Google makes robots smarter by teaching them limits – TechCrunch

 


If you’ve used smart voice assistants such as Alexa, Siri, and what Google calls smart assistants, you’ve noticed that the technology is getting smarter every day. Google is waiting for you, Siri can speak in a gender-neutral voice, and Alexa can read your bedtime stories in the voice of your late grandmother. As we covered at last month’s Robotics event, robotics is also evolving by leaps and bounds. The gap between his two voice commands and autonomous robotics is huge for a variety of reasons. Last week, I went to Google’s robotics lab in Mountain View to see how that might change in the near future.

Teaching a robot how to perform repetitive tasks in a controlled space that humans are not allowed to enter is a difficult but more or less solved problem. Rivian’s recent factory tour reminded us of that, but industrial robots are ubiquitous in manufacturing.

General-purpose robots that can solve different tasks based on voice commands in human-populated spaces are much more difficult. “But what about the Roomba,” you might say, but everyone’s favorite robot vacuum is generally programmed not to touch anything other than or on the floor.

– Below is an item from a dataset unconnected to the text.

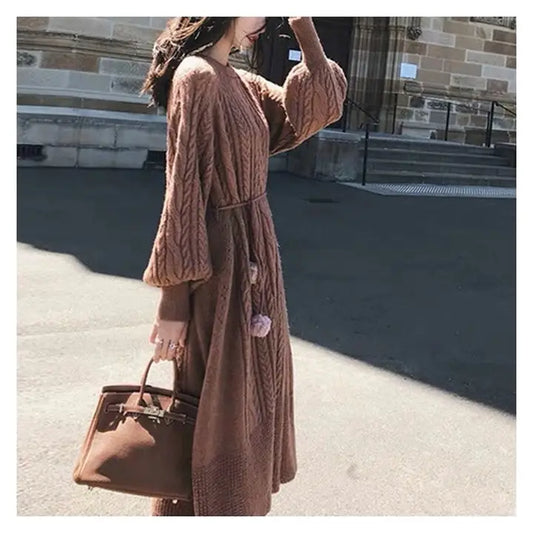 Women Solid Color Twist Knit Sweater Dress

Table tennis is a game in which robots can easily self-judge whether a task was successful or not and learn from their failures. Here, one of Google’s robotics researchers is taking a break and showing us what’s what in robots. Image credits: Haje Kamps (opens in a new window) / TechCrunch(opens in a new window)

“You may be wondering why we play ping pong. One of the big challenges in robotics today is the intersection of fast, accurate and adaptable. There is.It’s not a problem.It’s ok in an industrial environment.But being fast, adaptable and accurate is a huge challenge.Ping pong is a really great microcosm of this problem.Accuracy and speed. You can learn from people you play with, and it’s a skill that you acquire through practice,” says Vincent, a prominent scientist and head of robotics at Google Research. Mr Vanhoucke told me. “It’s not a skill that makes you a champion overnight after reading the rules.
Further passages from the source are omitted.